WORK TO COMPLETE ▸
The data beneath this task has to be reprinted character for character.

THE DATA ▸
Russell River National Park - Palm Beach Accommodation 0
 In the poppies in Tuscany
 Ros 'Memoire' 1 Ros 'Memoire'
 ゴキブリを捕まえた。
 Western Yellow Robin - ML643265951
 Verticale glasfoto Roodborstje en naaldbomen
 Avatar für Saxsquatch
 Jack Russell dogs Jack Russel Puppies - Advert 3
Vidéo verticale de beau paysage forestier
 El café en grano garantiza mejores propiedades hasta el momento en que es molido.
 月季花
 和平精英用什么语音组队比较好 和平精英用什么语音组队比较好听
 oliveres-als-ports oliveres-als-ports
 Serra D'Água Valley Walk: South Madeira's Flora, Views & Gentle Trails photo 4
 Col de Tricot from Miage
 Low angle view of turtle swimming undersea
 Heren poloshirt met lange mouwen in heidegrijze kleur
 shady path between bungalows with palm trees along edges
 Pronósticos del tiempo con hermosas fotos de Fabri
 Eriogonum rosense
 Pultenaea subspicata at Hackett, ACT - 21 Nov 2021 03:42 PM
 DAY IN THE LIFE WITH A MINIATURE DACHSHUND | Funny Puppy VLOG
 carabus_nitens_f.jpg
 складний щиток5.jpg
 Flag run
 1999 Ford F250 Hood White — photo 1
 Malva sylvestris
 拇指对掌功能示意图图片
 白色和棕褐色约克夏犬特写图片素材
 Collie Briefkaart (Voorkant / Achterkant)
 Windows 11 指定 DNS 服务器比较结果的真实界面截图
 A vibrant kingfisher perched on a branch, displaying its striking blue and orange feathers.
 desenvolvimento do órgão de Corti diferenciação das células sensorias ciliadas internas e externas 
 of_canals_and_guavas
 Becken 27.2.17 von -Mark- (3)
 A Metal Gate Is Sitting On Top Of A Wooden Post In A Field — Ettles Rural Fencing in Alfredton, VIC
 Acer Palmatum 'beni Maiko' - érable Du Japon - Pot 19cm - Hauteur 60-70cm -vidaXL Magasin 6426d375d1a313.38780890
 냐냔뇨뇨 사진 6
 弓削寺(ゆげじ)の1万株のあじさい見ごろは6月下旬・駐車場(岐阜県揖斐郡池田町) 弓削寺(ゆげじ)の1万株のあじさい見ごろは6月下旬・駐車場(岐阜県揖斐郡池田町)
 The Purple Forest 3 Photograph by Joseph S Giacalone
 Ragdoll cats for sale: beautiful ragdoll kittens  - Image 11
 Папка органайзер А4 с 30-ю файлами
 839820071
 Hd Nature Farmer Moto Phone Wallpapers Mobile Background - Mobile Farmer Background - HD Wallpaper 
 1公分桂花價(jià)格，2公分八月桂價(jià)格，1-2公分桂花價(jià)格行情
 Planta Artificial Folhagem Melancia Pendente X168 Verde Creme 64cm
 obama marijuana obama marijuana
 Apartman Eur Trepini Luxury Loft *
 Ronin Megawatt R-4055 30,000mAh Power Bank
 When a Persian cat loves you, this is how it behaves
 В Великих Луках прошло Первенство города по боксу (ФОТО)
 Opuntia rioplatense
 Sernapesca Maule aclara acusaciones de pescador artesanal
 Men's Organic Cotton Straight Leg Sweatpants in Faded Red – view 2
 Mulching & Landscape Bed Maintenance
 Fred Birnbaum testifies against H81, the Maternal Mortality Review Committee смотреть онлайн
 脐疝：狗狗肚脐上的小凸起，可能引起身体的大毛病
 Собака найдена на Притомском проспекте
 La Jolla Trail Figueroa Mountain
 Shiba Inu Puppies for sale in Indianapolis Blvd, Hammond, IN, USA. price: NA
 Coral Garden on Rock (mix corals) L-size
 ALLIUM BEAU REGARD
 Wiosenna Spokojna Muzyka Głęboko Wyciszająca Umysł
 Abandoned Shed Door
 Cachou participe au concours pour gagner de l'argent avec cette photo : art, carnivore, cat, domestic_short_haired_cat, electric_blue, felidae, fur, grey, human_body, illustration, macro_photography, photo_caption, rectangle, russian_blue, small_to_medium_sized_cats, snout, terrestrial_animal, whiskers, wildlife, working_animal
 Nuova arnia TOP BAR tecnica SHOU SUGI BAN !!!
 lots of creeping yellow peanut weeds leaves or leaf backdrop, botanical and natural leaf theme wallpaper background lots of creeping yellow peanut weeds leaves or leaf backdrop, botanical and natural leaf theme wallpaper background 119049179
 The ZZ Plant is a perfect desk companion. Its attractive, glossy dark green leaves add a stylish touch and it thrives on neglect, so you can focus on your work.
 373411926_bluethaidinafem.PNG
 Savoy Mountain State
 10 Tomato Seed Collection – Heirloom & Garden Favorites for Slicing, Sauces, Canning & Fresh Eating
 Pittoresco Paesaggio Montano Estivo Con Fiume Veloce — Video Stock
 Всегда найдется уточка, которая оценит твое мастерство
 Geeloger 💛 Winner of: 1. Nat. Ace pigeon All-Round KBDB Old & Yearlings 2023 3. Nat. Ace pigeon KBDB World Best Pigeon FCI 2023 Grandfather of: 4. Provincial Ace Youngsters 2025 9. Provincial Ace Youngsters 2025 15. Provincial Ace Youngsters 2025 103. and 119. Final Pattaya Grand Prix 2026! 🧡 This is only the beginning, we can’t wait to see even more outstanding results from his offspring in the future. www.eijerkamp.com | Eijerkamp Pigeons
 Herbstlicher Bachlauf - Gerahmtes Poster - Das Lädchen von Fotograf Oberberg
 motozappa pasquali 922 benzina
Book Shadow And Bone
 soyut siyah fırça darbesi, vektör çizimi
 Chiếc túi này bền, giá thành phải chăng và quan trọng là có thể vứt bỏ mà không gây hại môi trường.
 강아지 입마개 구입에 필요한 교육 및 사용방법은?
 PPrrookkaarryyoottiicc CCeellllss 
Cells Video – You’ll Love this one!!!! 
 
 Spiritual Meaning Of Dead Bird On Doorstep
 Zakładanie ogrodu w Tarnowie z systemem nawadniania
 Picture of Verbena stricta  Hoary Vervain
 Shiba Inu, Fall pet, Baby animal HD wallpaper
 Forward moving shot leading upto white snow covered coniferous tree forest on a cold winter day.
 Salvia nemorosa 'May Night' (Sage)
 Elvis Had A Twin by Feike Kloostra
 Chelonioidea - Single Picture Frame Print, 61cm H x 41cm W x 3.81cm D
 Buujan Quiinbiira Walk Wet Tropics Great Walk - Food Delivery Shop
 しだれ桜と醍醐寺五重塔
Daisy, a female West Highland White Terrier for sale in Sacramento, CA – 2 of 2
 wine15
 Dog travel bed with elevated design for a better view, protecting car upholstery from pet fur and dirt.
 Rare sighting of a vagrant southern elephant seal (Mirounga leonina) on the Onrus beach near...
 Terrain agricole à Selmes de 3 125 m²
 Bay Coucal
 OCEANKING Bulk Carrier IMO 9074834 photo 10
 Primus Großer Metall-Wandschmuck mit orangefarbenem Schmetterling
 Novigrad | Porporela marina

EXERCISE OUTPUT ▸
Russell River National Park - Palm Beach Accommodation 0
 In the poppies in Tuscany
 Ros 'Memoire' 1 Ros 'Memoire'
 ゴキブリを捕まえた。
 Western Yellow Robin - ML643265951
 Verticale glasfoto Roodborstje en naaldbomen
 Avatar für Saxsquatch
 Jack Russell dogs Jack Russel Puppies - Advert 3
Vidéo verticale de beau paysage forestier
 El café en grano garantiza mejores propiedades hasta el momento en que es molido.
 月季花
 和平精英用什么语音组队比较好 和平精英用什么语音组队比较好听
 oliveres-als-ports oliveres-als-ports
 Serra D'Água Valley Walk: South Madeira's Flora, Views & Gentle Trails photo 4
 Col de Tricot from Miage
 Low angle view of turtle swimming undersea
 Heren poloshirt met lange mouwen in heidegrijze kleur
 shady path between bungalows with palm trees along edges
 Pronósticos del tiempo con hermosas fotos de Fabri
 Eriogonum rosense
 Pultenaea subspicata at Hackett, ACT - 21 Nov 2021 03:42 PM
 DAY IN THE LIFE WITH A MINIATURE DACHSHUND | Funny Puppy VLOG
 carabus_nitens_f.jpg
 складний щиток5.jpg
 Flag run
 1999 Ford F250 Hood White — photo 1
 Malva sylvestris
 拇指对掌功能示意图图片
 白色和棕褐色约克夏犬特写图片素材
 Collie Briefkaart (Voorkant / Achterkant)
 Windows 11 指定 DNS 服务器比较结果的真实界面截图
 A vibrant kingfisher perched on a branch, displaying its striking blue and orange feathers.
 desenvolvimento do órgão de Corti diferenciação das células sensorias ciliadas internas e externas 
 of_canals_and_guavas
 Becken 27.2.17 von -Mark- (3)
 A Metal Gate Is Sitting On Top Of A Wooden Post In A Field — Ettles Rural Fencing in Alfredton, VIC
 Acer Palmatum 'beni Maiko' - érable Du Japon - Pot 19cm - Hauteur 60-70cm -vidaXL Magasin 6426d375d1a313.38780890
 냐냔뇨뇨 사진 6
 弓削寺(ゆげじ)の1万株のあじさい見ごろは6月下旬・駐車場(岐阜県揖斐郡池田町) 弓削寺(ゆげじ)の1万株のあじさい見ごろは6月下旬・駐車場(岐阜県揖斐郡池田町)
 The Purple Forest 3 Photograph by Joseph S Giacalone
 Ragdoll cats for sale: beautiful ragdoll kittens  - Image 11
 Папка органайзер А4 с 30-ю файлами
 839820071
 Hd Nature Farmer Moto Phone Wallpapers Mobile Background - Mobile Farmer Background - HD Wallpaper 
 1公分桂花價(jià)格，2公分八月桂價(jià)格，1-2公分桂花價(jià)格行情
 Planta Artificial Folhagem Melancia Pendente X168 Verde Creme 64cm
 obama marijuana obama marijuana
 Apartman Eur Trepini Luxury Loft *
 Ronin Megawatt R-4055 30,000mAh Power Bank
 When a Persian cat loves you, this is how it behaves
 В Великих Луках прошло Первенство города по боксу (ФОТО)
 Opuntia rioplatense
 Sernapesca Maule aclara acusaciones de pescador artesanal
 Men's Organic Cotton Straight Leg Sweatpants in Faded Red – view 2
 Mulching & Landscape Bed Maintenance
 Fred Birnbaum testifies against H81, the Maternal Mortality Review Committee смотреть онлайн
 脐疝：狗狗肚脐上的小凸起，可能引起身体的大毛病
 Собака найдена на Притомском проспекте
 La Jolla Trail Figueroa Mountain
 Shiba Inu Puppies for sale in Indianapolis Blvd, Hammond, IN, USA. price: NA
 Coral Garden on Rock (mix corals) L-size
 ALLIUM BEAU REGARD
 Wiosenna Spokojna Muzyka Głęboko Wyciszająca Umysł
 Abandoned Shed Door
 Cachou participe au concours pour gagner de l'argent avec cette photo : art, carnivore, cat, domestic_short_haired_cat, electric_blue, felidae, fur, grey, human_body, illustration, macro_photography, photo_caption, rectangle, russian_blue, small_to_medium_sized_cats, snout, terrestrial_animal, whiskers, wildlife, working_animal
 Nuova arnia TOP BAR tecnica SHOU SUGI BAN !!!
 lots of creeping yellow peanut weeds leaves or leaf backdrop, botanical and natural leaf theme wallpaper background lots of creeping yellow peanut weeds leaves or leaf backdrop, botanical and natural leaf theme wallpaper background 119049179
 The ZZ Plant is a perfect desk companion. Its attractive, glossy dark green leaves add a stylish touch and it thrives on neglect, so you can focus on your work.
 373411926_bluethaidinafem.PNG
 Savoy Mountain State
 10 Tomato Seed Collection – Heirloom & Garden Favorites for Slicing, Sauces, Canning & Fresh Eating
 Pittoresco Paesaggio Montano Estivo Con Fiume Veloce — Video Stock
 Всегда найдется уточка, которая оценит твое мастерство
 Geeloger 💛 Winner of: 1. Nat. Ace pigeon All-Round KBDB Old & Yearlings 2023 3. Nat. Ace pigeon KBDB World Best Pigeon FCI 2023 Grandfather of: 4. Provincial Ace Youngsters 2025 9. Provincial Ace Youngsters 2025 15. Provincial Ace Youngsters 2025 103. and 119. Final Pattaya Grand Prix 2026! 🧡 This is only the beginning, we can’t wait to see even more outstanding results from his offspring in the future. www.eijerkamp.com | Eijerkamp Pigeons
 Herbstlicher Bachlauf - Gerahmtes Poster - Das Lädchen von Fotograf Oberberg
 motozappa pasquali 922 benzina
Book Shadow And Bone
 soyut siyah fırça darbesi, vektör çizimi
 Chiếc túi này bền, giá thành phải chăng và quan trọng là có thể vứt bỏ mà không gây hại môi trường.
 강아지 입마개 구입에 필요한 교육 및 사용방법은?
 PPrrookkaarryyoottiicc CCeellllss 
Cells Video – You’ll Love this one!!!! 
 
 Spiritual Meaning Of Dead Bird On Doorstep
 Zakładanie ogrodu w Tarnowie z systemem nawadniania
 Picture of Verbena stricta  Hoary Vervain
 Shiba Inu, Fall pet, Baby animal HD wallpaper
 Forward moving shot leading upto white snow covered coniferous tree forest on a cold winter day.
 Salvia nemorosa 'May Night' (Sage)
 Elvis Had A Twin by Feike Kloostra
 Chelonioidea - Single Picture Frame Print, 61cm H x 41cm W x 3.81cm D
 Buujan Quiinbiira Walk Wet Tropics Great Walk - Food Delivery Shop
 しだれ桜と醍醐寺五重塔
Daisy, a female West Highland White Terrier for sale in Sacramento, CA – 2 of 2
 wine15
 Dog travel bed with elevated design for a better view, protecting car upholstery from pet fur and dirt.
 Rare sighting of a vagrant southern elephant seal (Mirounga leonina) on the Onrus beach near...
 Terrain agricole à Selmes de 3 125 m²
 Bay Coucal
 OCEANKING Bulk Carrier IMO 9074834 photo 10
 Primus Großer Metall-Wandschmuck mit orangefarbenem Schmetterling
 Novigrad | Porporela marina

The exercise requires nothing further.